The processed dataset is used in: 
Bamberger, J., Jones, I., Duncan, D., Bronstein, M. M., Vandergheynst, P., and Gosztolai, A. Carré du champ flow matching: better quality–generalisation tradeoff in generative models ICLR 2026 (https://arxiv.org/pdf/2510.05930).

`drosophila_data.h5` contains two fields:
- `L`: limb-movement data [mm]; array of shape `(31, 12, 100000)` = (# frames per clip at 150 Hz, 6 limbs × 2 (x/y coords), # datapoints).
- `dPhi`: phase-frequency data [Hz]; array of shape `(31, 6, 100000)` = (# frames per clip at 150 Hz, 6 limbs, # datapoints).

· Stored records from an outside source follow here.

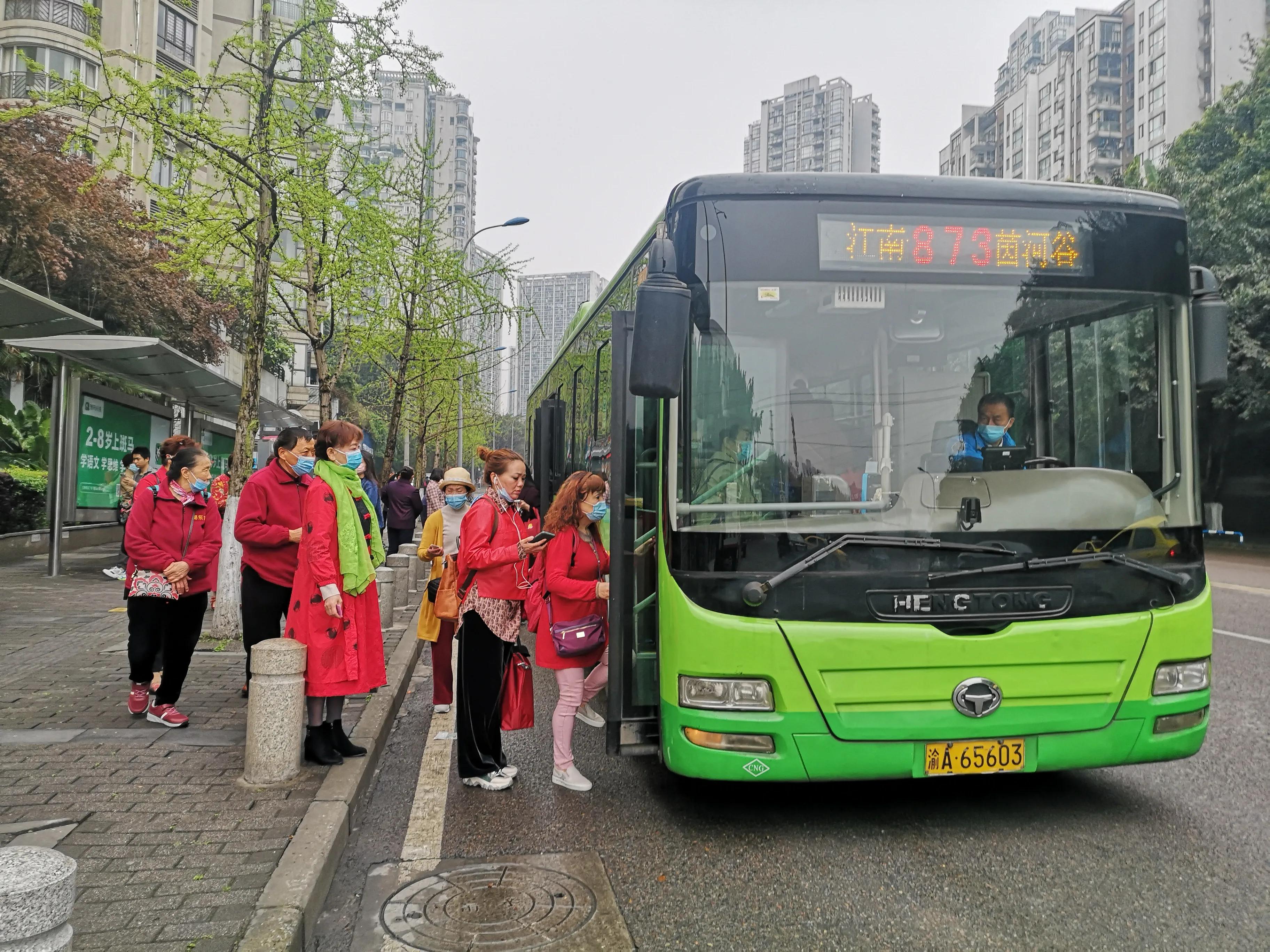 春游和姐妹踏青,春游踏青姐妹拍照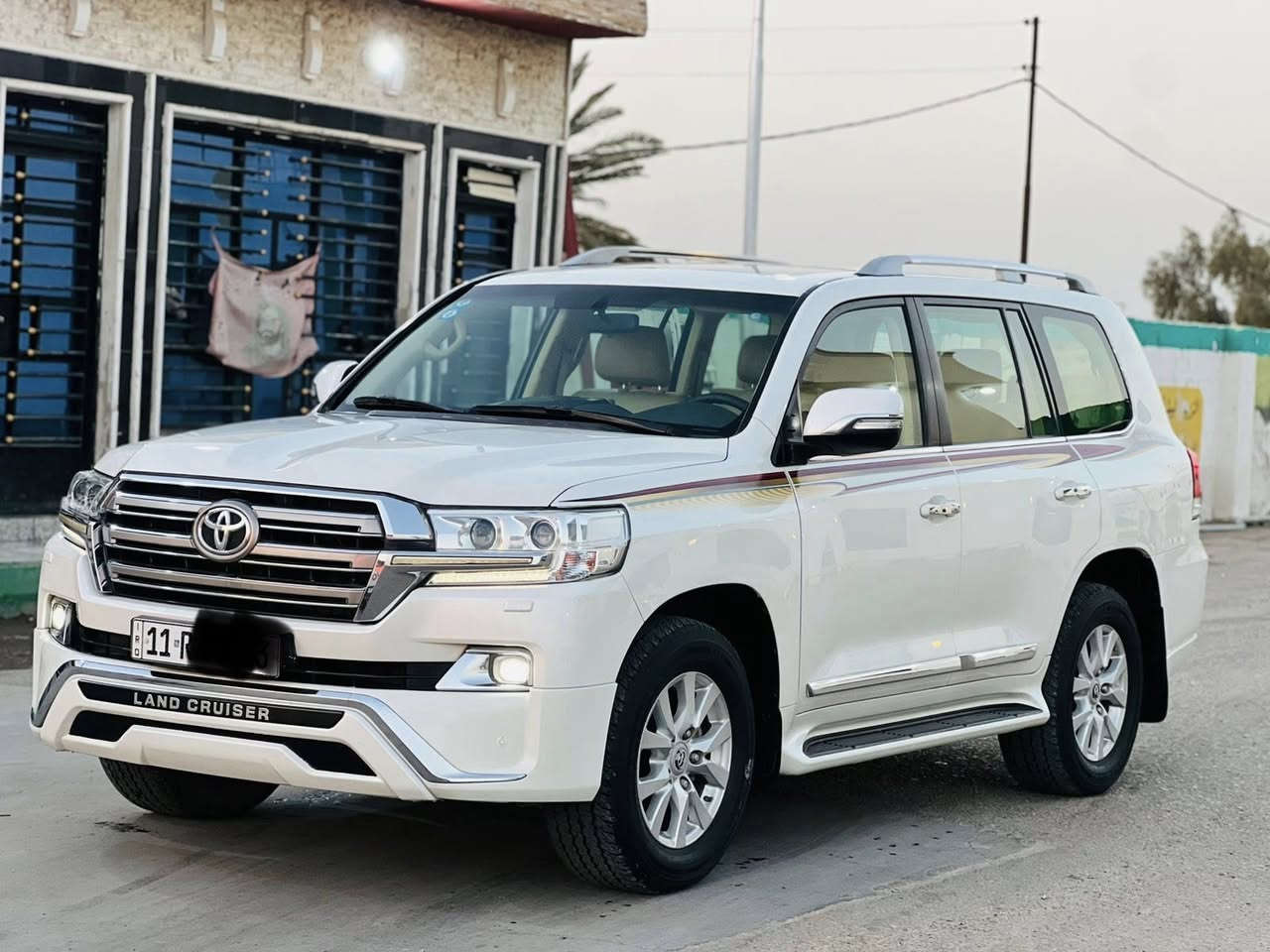 لاندكروز 2017 بريم ام الدفدي
مكفوله ماشيه ١١٢الف 
سياره جديده 
***********
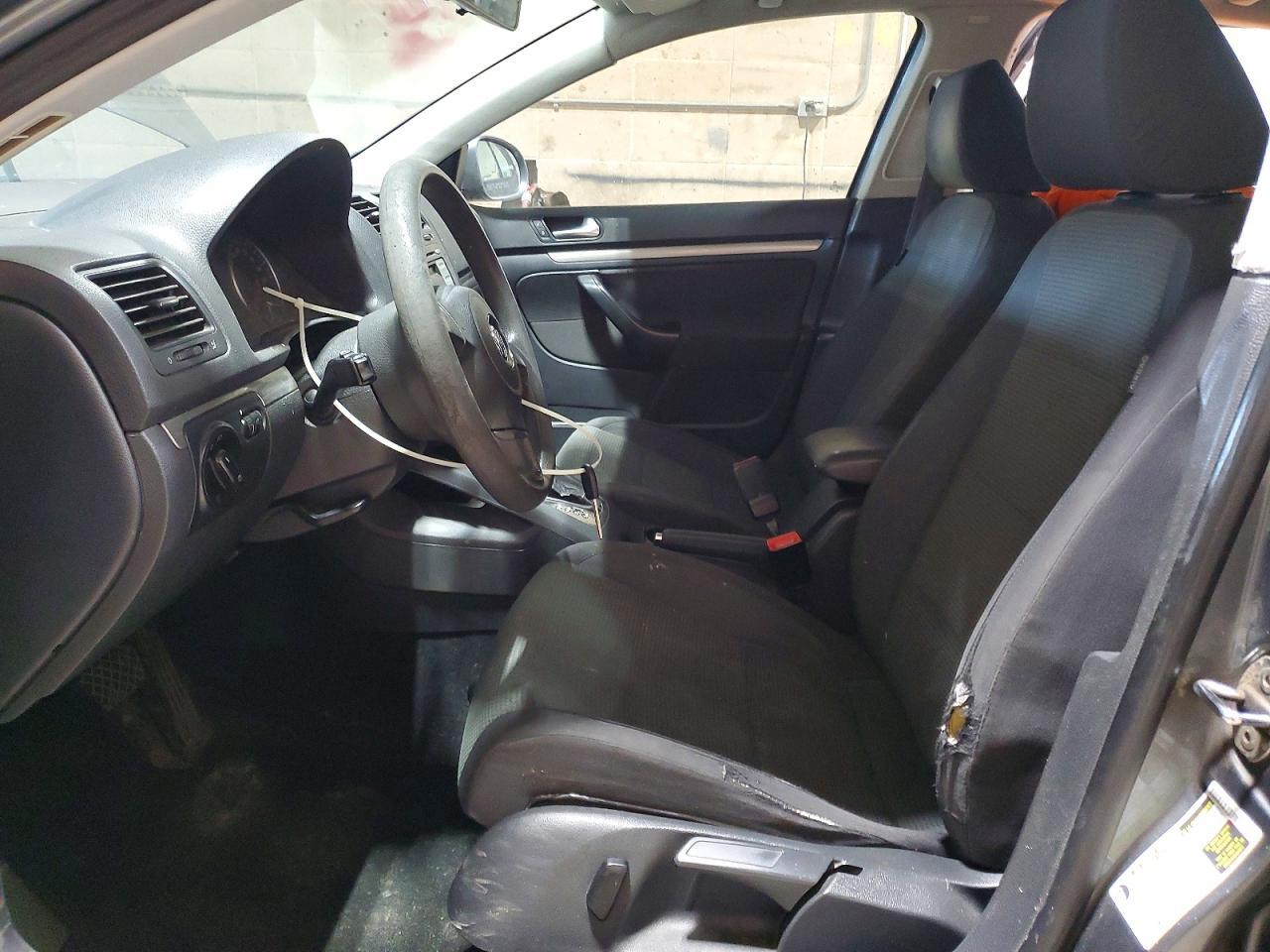 2010 Volkswagen Jetta S - Image 7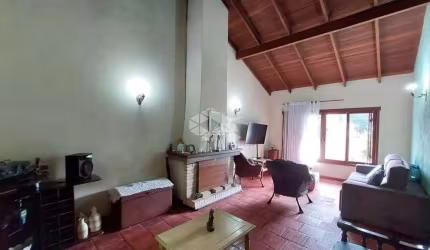 Casa de 4d (1 suíte), 2 salas e 3 banheiros com 220m²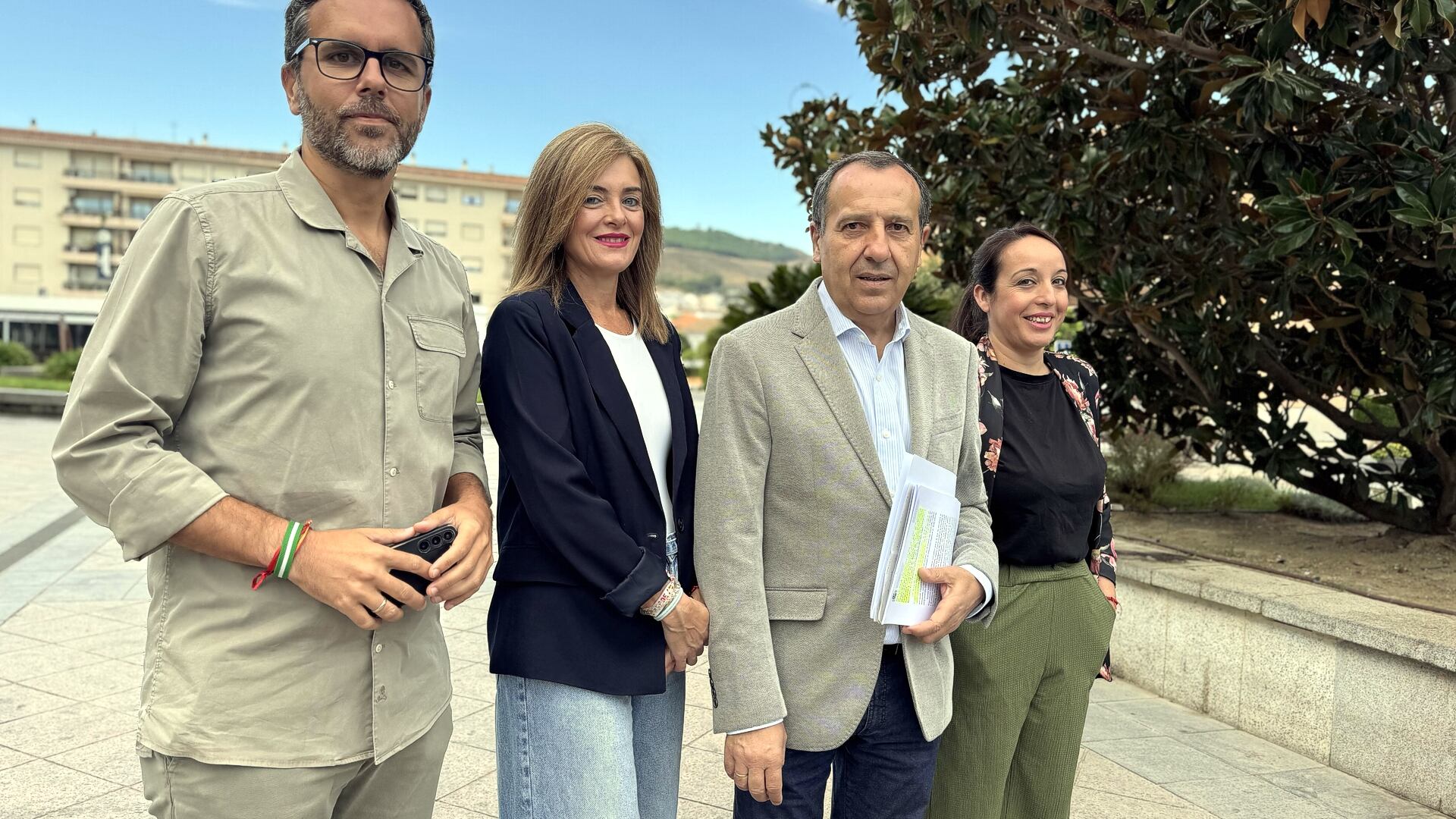 José Luis Ruiz Espejo junto a Dolores Melero, María José González y Francisco Calderón (PSOE)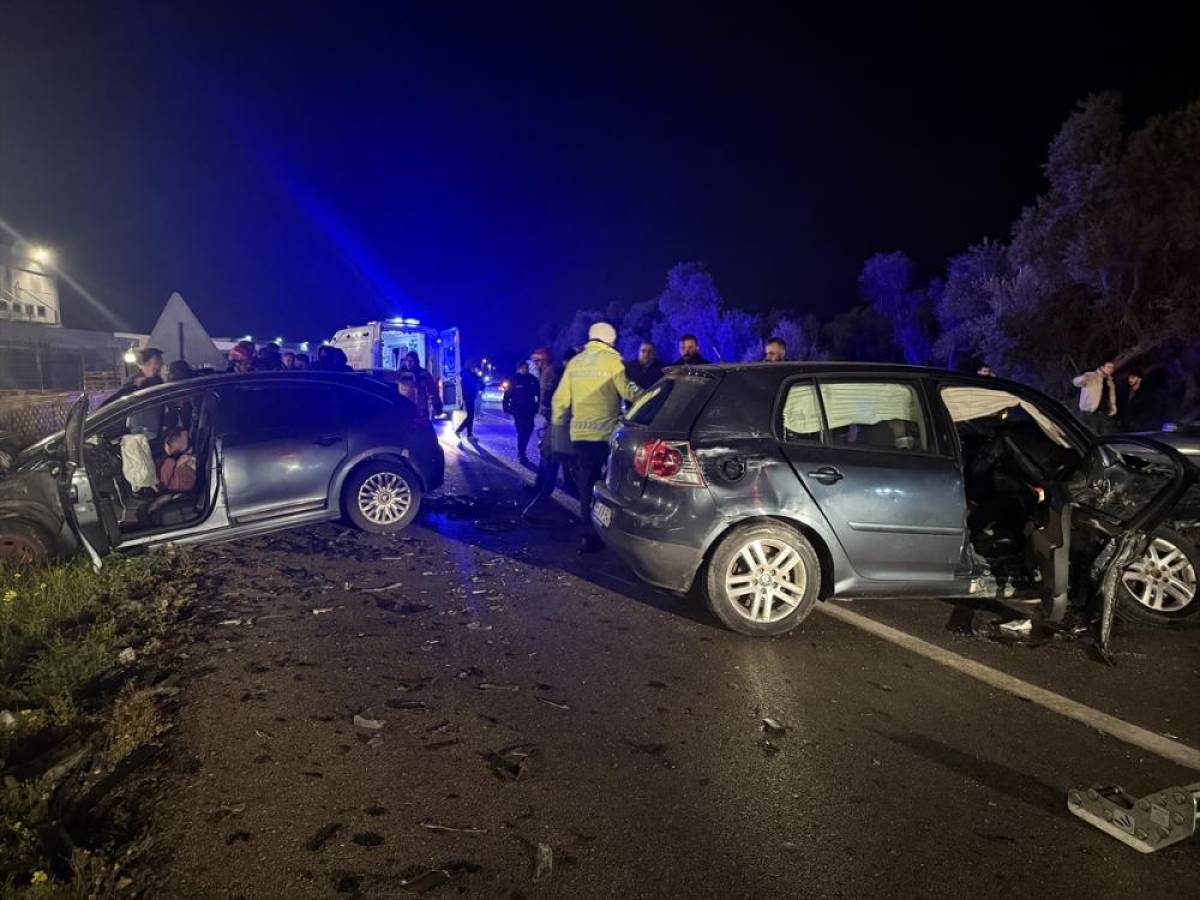 İzmir'de iki otomobilin &ccedil;arpışması sonucu 4 kişi yaralandı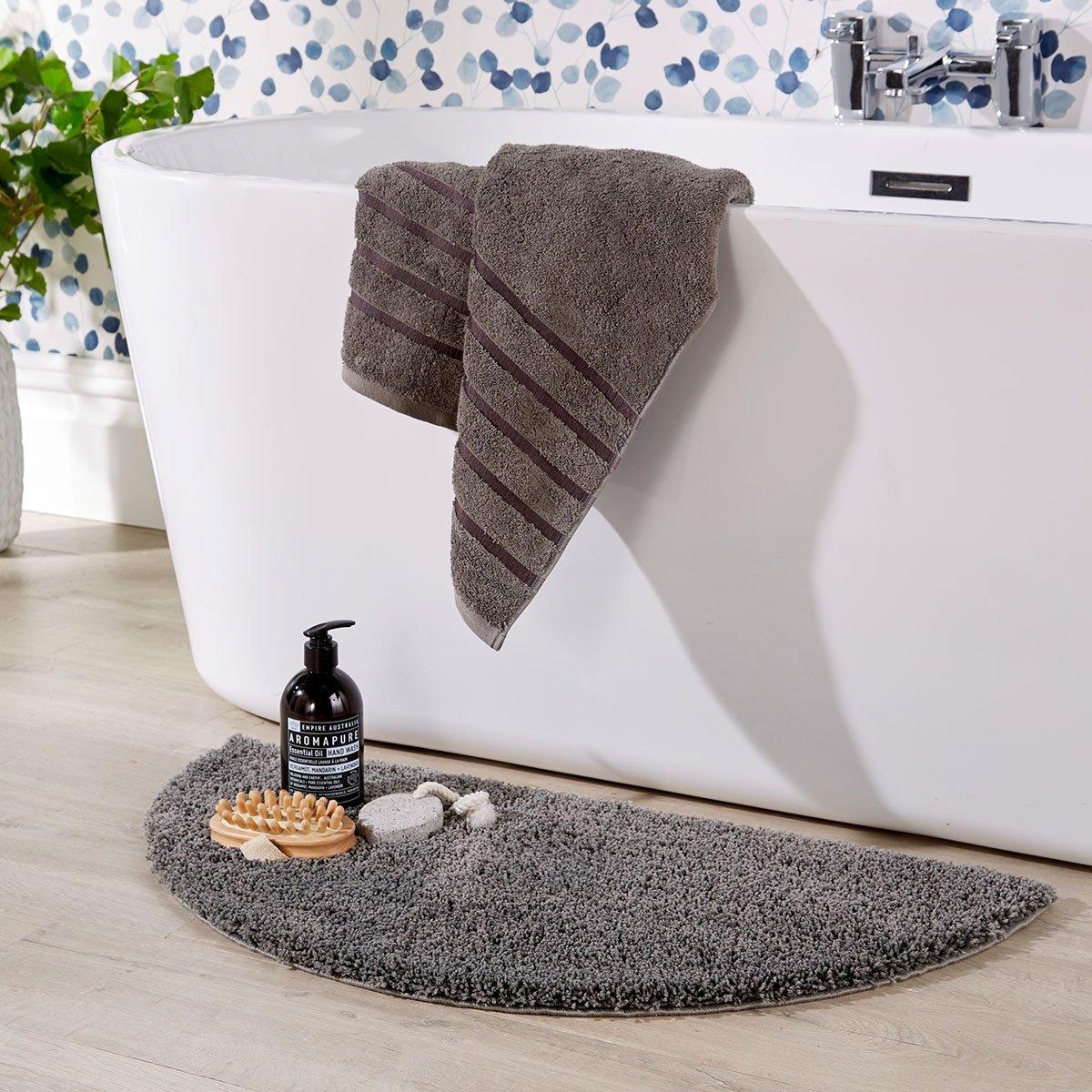 

Kingsley bath mat semi circle graphite 80 cm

## How to recreate the processed dataset `drosophila_data.h5`: 
1. Download the raw data from the original work (DeAngelis et al.)
    - Go to: https://datadryad.org/dataset/doi:10.5061/dryad.3p9h20r
    - Download the file `20181025_20180530-20180614_IsoD1_Glass_MaskedModel_1000PCs_amplitude_phase_down_downcam_Steps(_down_cam).mat` (2.34 GB)
2. Rerun the analysis code `MakeUMAPFigures.m` from DeAngelis et al. and save intermediate data 
    - Clone the MATLAB-based repository (DeAngelis et al.): https://github.com/ClarkLabCode/GaitPaperCode
    - Replace `AnalysisUtilities/PrepareDataForUMAP.m` with the `PrepareDataForUMAP.m` provided here. 
    - Move the raw data file (`20181025_<...>.mat`) to the repository root. 
    - Run MATLAB script `MakeUMAPFigures.m` from repository root. 
    - This creates `drosophila_data.h5` in repository root.